_Instructions for the task_:
Omit each picture as you copy the entries exactly.

_Raw data_:
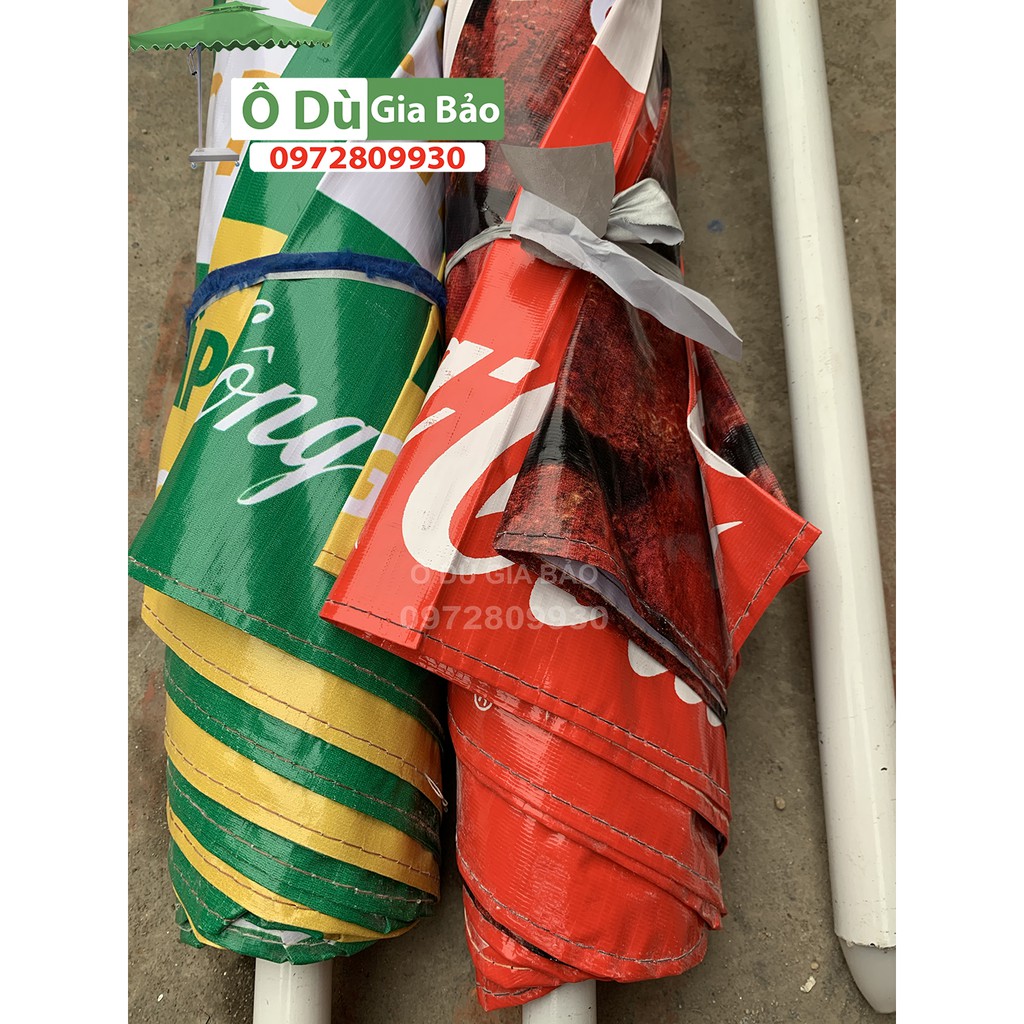 Ô Dù Chính Tâm Quảng Cáo Che Mưa Che Nắng 2M4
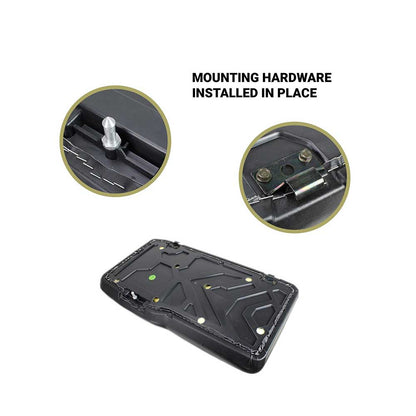 Uni Pro Black Passenger Seat Bottom for Polaris Ranger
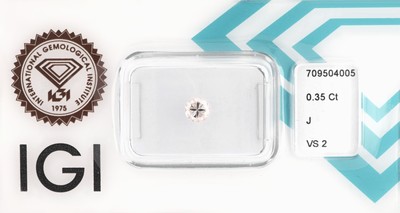 Loser Brillant 0.35 ct l.get.Weiß(J)/vs2, eingeschweißt, IGI-Expertise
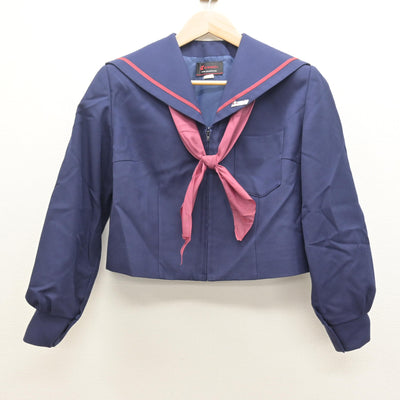 【中古】和歌山県 那賀高等学校/旧制服 女子制服 4点 (セーラー服・スカート) sf122190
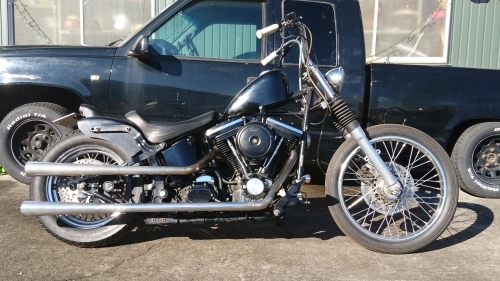 FOR SALE ハーレーダビッドソン 93FXSTC エボソフテイル_a0257316_23504059.jpg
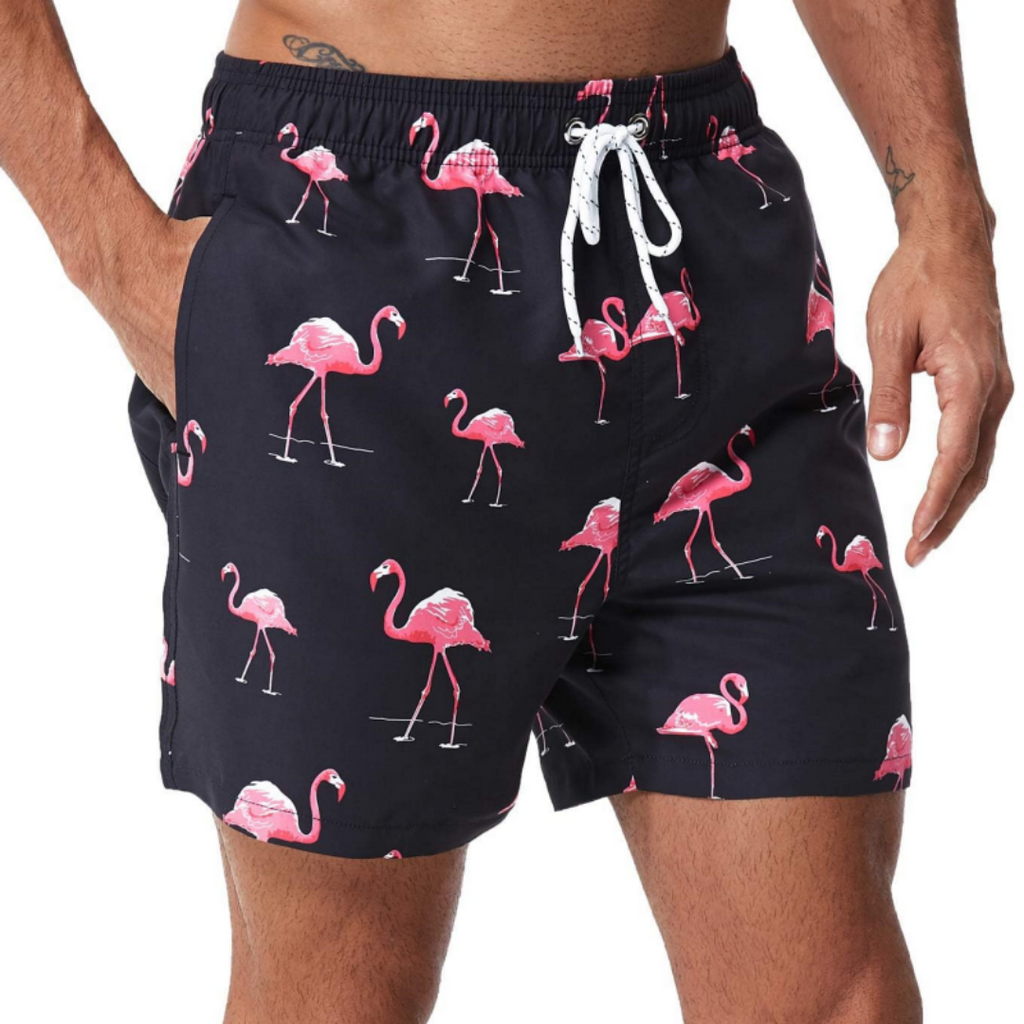 SILKWORLD Men's Swim Trunks & Shorts Quick Dry Beach Shorts  with Pockets Bathing suits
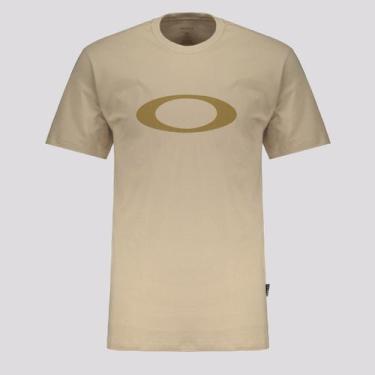 Imagem de Camiseta Oakley O-Ellipse Bege, G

_Solution to this exercise_:
 Ô Dù Chính Tâm Quảng Cáo Che Mưa Che Nắng 2M4
 Uni Pro Black Passenger Seat Bottom for Polaris Ranger
 Loser Brillant 0.35 ct l.get.Weiß(J)/vs2, eingeschweißt, IGI-Expertise
 【中古】和歌山県 那賀高等学校/旧制服 女子制服 4点 (セーラー服・スカート) sf122190
 FOR SALE ハーレーダビッドソン 93FXSTC エボソフテイル_a0257316_23504059.jpg
 SILKWORLD Men's Swim Trunks & Shorts Quick Dry Beach Shorts  with Pockets Bathing suits
 Imagem de Camiseta Oakley O-Ellipse Bege, G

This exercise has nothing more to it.